Supposing you have a friend, someone you’re very close to and comfortable with. You share a rather shameful secret with that friend. Then someone finds out that secret, and in turn judges you to your face. All the shame and fallout you are trying to avoid come crashing down on you.
So you become angry because you think that your friend has exposed your secret. In a fit righteous fury, you march up to her and accuse her of such. She denies it vehemently, but you refuse to believe her. In the spur of the moment, you break off your friendship with her, and march away, certain that you have done the only right thing by you.
Then, a few days later, you find out that she is not the one who exposed your secret after all. Rather, it is you yourself who has done that during a moment of carelessness and pure distraction.
You realize your mistake. You have unjustly accused a person, even worse your friend, without concrete proof. To add insult to injury, you threw that friend away.
Remorsefully, you go to her and explain the situation. Tearfully, you ask for forgiveness. Hopefully, you seek a reconciliation and renewed friendship. Realistically, you think it might not be that easy to fix this whole mess.

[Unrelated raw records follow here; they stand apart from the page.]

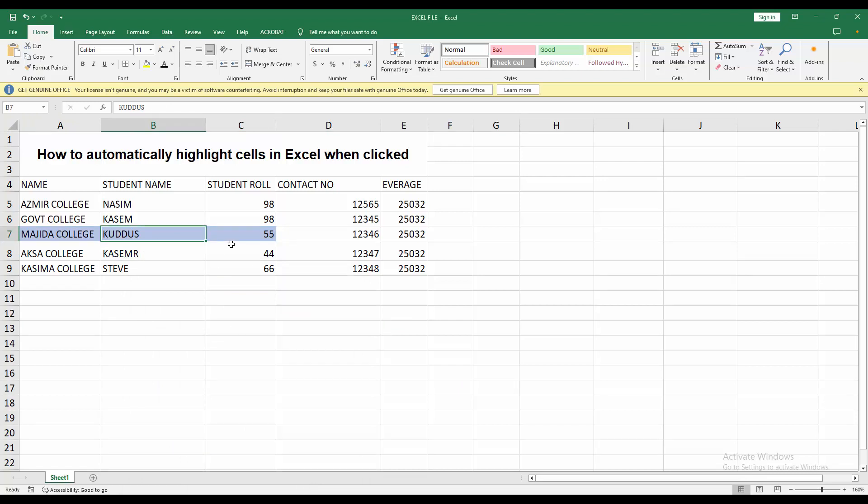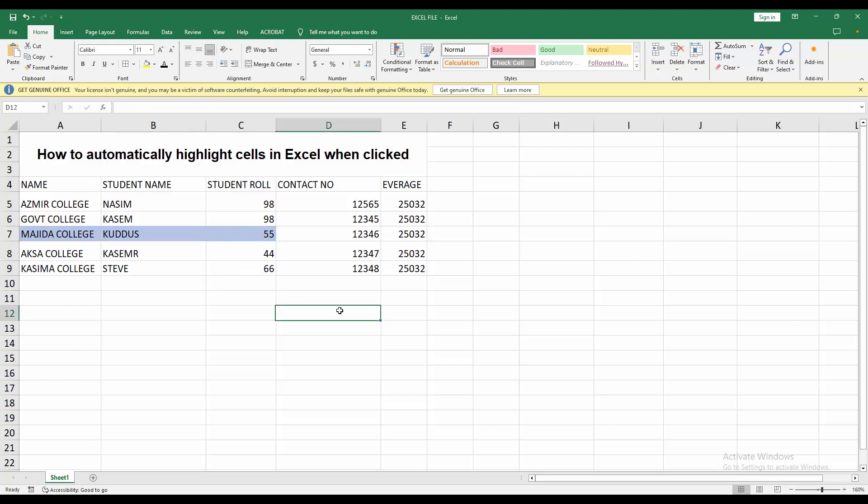I automatically highlighted cells in Excel in a very easy way. I hope you enjoyed my video. Please like, comment, share, and subscribe my channel. Thanks.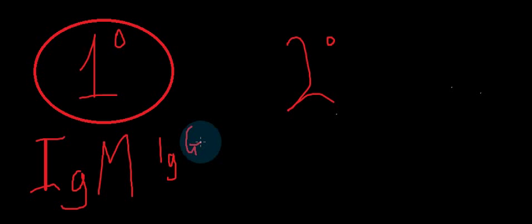And the lag phase which we talked about in primary immune response can be as short as around two to three days, but most of the time it's up to quite a few weeks and even months. But in the secondary immune response, it's very very short—just a few days. This is mainly because there are memory cells present and they can remember this antigen which was present in the body before.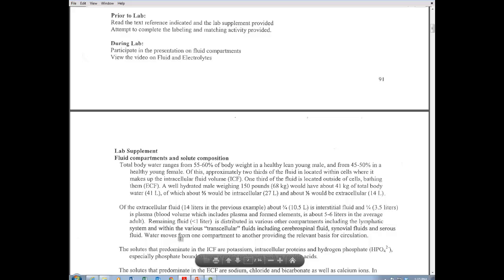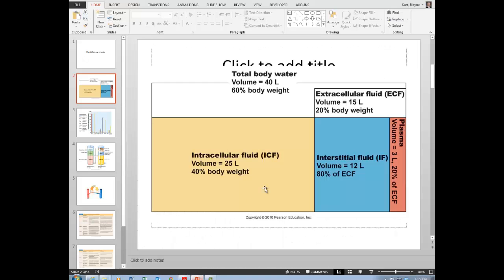Most of the fluid outside our cells is in the interstitial fluid, and some is in the plasma. Together these make up extracellular fluid, which is about 20% of your body weight. Again, most of the body's fluid is inside cells.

But wonder of wonders, your friend smiles sweetly and says, “It’s alright, I forgive you. Of course, we can be friends again. In fact, I never stopped thinking of you as my friend!”
Cue more tearful words and hugs, and all is right in your world again.
Now I ask you, could it be that easy? Are there really people like that friend who forgives easily and sincerely?
Apparently, it could be and there are.
Now, imagine the situation being reversed, and you’re that friend. You’re the one being unjustly accused and cast away. You’re branded untrustworthy and traitorous. Would you have found it so easy to forgive and forget? Could you do it with a sweet smile on your face and an honest desire to let bygones be bygones?
I actually have asked these questions in a group discussion. The general consensus was: everyone wants and needs forgiveness, but not everyone feels that they could give forgiveness.
Why are we like this though? When we’re the ones who make mistakes or crimes, we want others to forgive us. We hope and even beg for their forgiveness. We depend on their grace to spare us from a harsh judgement. When they do forgive, we are rightfully thankful and relieved. But then, when others ask or beg for our forgiveness, we hesitate to give it. We don’t think that they deserve it, at least not immediately. We judge them.
Matthew 6:14-15 KJV
“For if ye forgive men their trespasses, your heavenly Father will also forgive you:  But if ye forgive not men their trespasses, neither will your Father forgive your trespasses.”
We use forgiveness as a weapon to manipulate others, emotionally and mentally. We lord it over them and they become our ‘slave’. In time, we become those self-righteous people we despise. And in the end, in God’s eyes, we are the one in danger of judgement. We would need His grace and forgiveness then. Would we get them? Would we deserve them?
So the question ‘to forgive or not to forgive’ is actually very important, simply because the answer will determine our own end.
I say though, forgive and be forgiven.